Canada - RSF scandalisée d’apprendre la mise sous surveillance de 6 nouveaux journalistes par la police au Québec

Reporters sans frontières (RSF) est scandalisée d’apprendre qu’au moins six journalistes ont été surveillés par la police de la province du Québec en 2013. Cette révélation survient seulement quelques jours après celle de la mise sous surveillance d’un journaliste du quotidien La Presse, Patrick Lagacé, dont les communications et la localisation ont été scrutées par la police de Montréal depuis début 2016.

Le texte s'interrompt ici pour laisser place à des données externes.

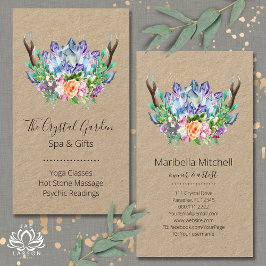 クリスタルヨガエネルギーヒーラーサイキック霊気スパ 名刺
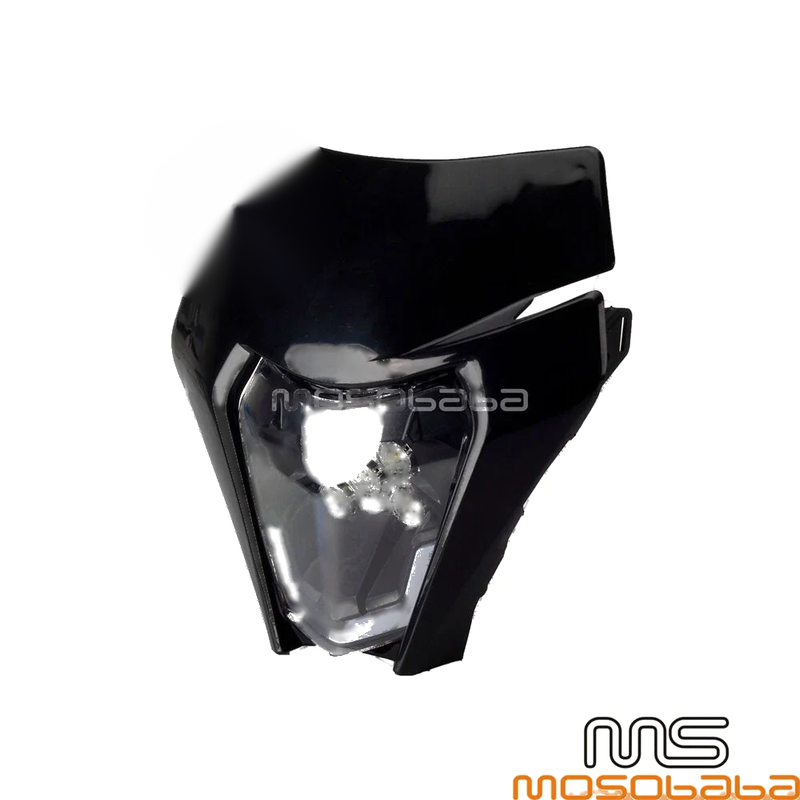 EXC TPI SIX DAYS 300 EXC-F XC-W Black LED Headlight Assembly (2017-2023)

Trois journalistes de Radio-Canada, Marie-Maude Denis, Isabelle Richer et Alain Gravel, ainsi que le journaliste du Journal de Montréal en charge des affaires criminelles, Eric Thibault, et le correspondant à l’Assemblée nationale du journal La Presse, Denis Lassard, ont tous été surveillés par la police de la province du Québec, la Sûreté du Québec (SQ), en 2013 dans le cadre d’une enquête sur des fuites d’informations aux médias. L’identité d’un sixième journaliste également mis sous surveillance n’a pas encore été révélée. Ces personnes ont été mises au courant de la situation par des sources anonymes.

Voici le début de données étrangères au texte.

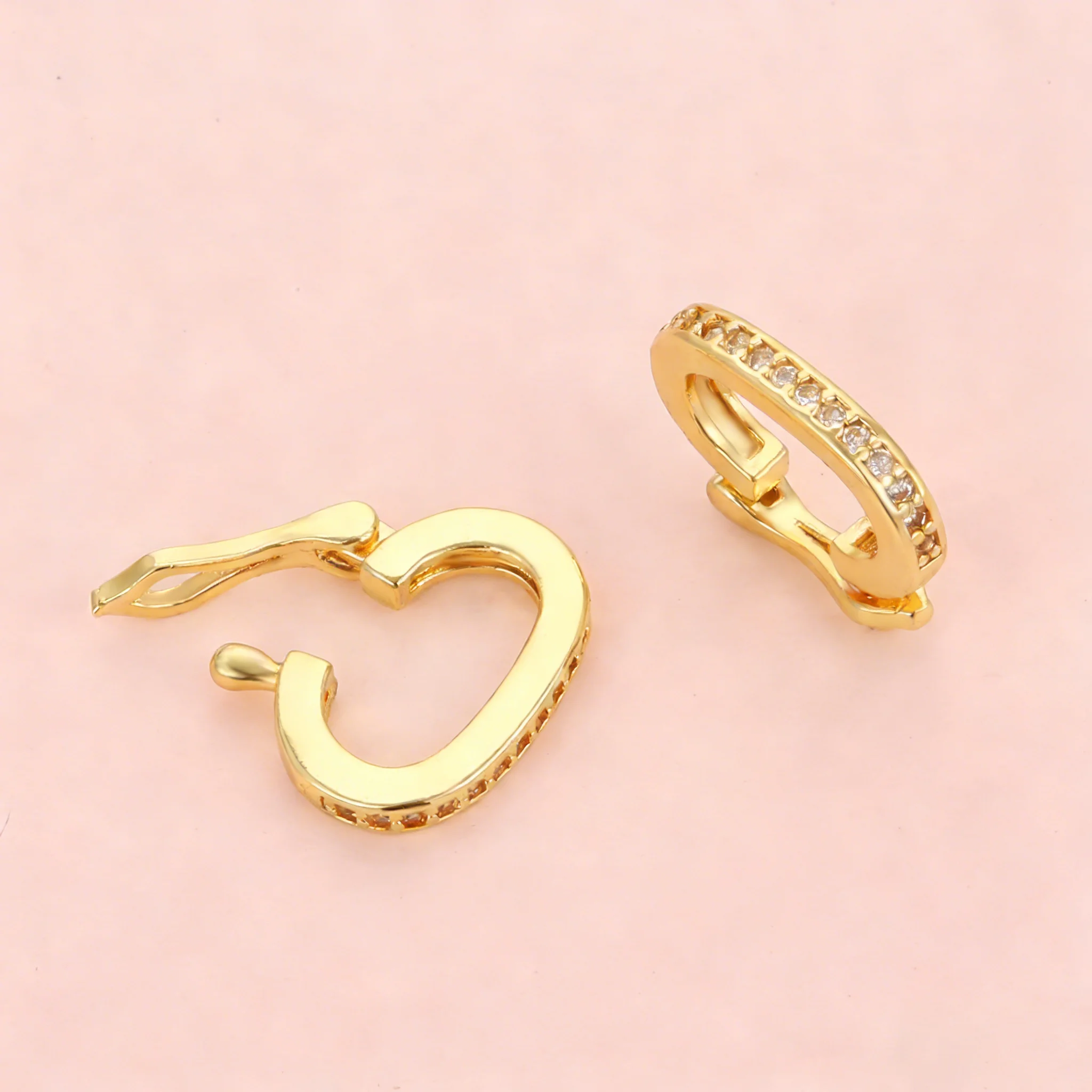 5pcs Fashion Bikini Button Charms Pendant For Jewelry Making Supplies Zircon Diy Earrings Bracelet Necklace Keychain Wholesale view 3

Ces surveillances ont été décidées dans le cadre d'une enquête anti-corruption contre Michel Arsenault, ancien président de la Fédération des travailleurs et travailleuses du Québec (FTQ). Michel Arsenault a porté plainte contre la SQ en 2013 après que des informations sur cette enquête ont été révélées dans la presse. La police du Québec a alors entrepris de surveiller les communications téléphoniques de plusieurs journalistes dans l’espoir de trouver l'origine des fuites en interne.


Selon la SQ, cette affaire a été clôturée en 2014 et ses éléments ont été mis sous scellés. Depuis, de nouvelles personnes ont pris leurs fonctions et un nouveau protocole a été mis en place au sein de cette force de police. « Cette affaire a été gérée par l’ancienne administration », a ainsi affirmé à des journalistes le porte-parole de la SQ, Capitaine Guy Lapointe. « Toute enquête visant un journaliste doit [désormais] être autorisée par la direction de la SQ, et tout mandat entrant dans le cadre d’une telle enquête doit être approuvé par le directeur en personne. »


« En l’espace d’une semaine, nous avons découvert deux scandales de surveillance de journalistes de la part la police au Québec, c’est absolument scandaleux », a déclaré Delphine Halgand, directrice du bureau de RSF à Washington. « S’il s’avère que cette pratique est aussi répandue que ça en a l’air, cela signifie qu’il y a de graves manquements au respect de la liberté de la presse et à l’indépendance des journalistes au Canada, l’une des plus éminentes démocraties au monde. »


« Une source nous a révélé aujourd’hui que nous avons été visés par ce mandat en 2013, et peut-être même avant, a réagi Isabelle Richer. Nous avons peut-être été espionnés pendant longtemps. Nous ne le savons pas car ces mandats sont toujours sous scellés. »



Marie-Maude Denis a de son côté estimé que, « d’après les informations en notre possession, il s’agit d’une pratique répandue ».



Alain Gravel a indiqué que cette nouvelle avait été un « choc » pour lui. « Dans une société démocratique comme la nôtre, on ne peut pas imaginer qu’une telle chose puisse arriver, d’autant plus de manière si systématique. C’est la deuxième révélation de ce genre en une semaine. Nous sommes très inquiets. »


Cette nouvelle révélation s’ajoute à une série de violations de la liberté de la presse ces derniers mois au Canada. Lundi, RSF a appris que le téléphone portable de Patrick Lagacé, journaliste au quotidien québécois La Presse, avait été mis sous surveillance par le service de police de la ville de Montréal (SPVM) afin d’identifier ses sources.


En septembre, l’ordinateur de Michaël Nguyen, journaliste au Journal de Montréal, a été saisi lors d’une perquisition menée par la SQ, afin d’établir comment le reporter avait obtenu certaines informations dites “confidentielles”. Cette saisie faisait suite à une plainte du Conseil de la magistrature après la publication d’un article sur le comportement agressif d’une juge.


En mars, la Cour supérieur de l’Ontario a ordonné à un journaliste de VICE News de remettre l’intégralité de ses communications avec un présumé terroriste de l’organisation de l’Etat islamique à la Gendarmerie royale du Canada (GRC). RSF ainsi que plusieurs organisations canadiennes de défense de la liberté de la presse soutiennent le pourvoi en appel de VICE contre cette décision.


Le Canada est 18ème sur 180 pays dans le Classement mondial de la liberté de la presse que RSF a publié en 2016, après avoir chuté de 10 places en 2015.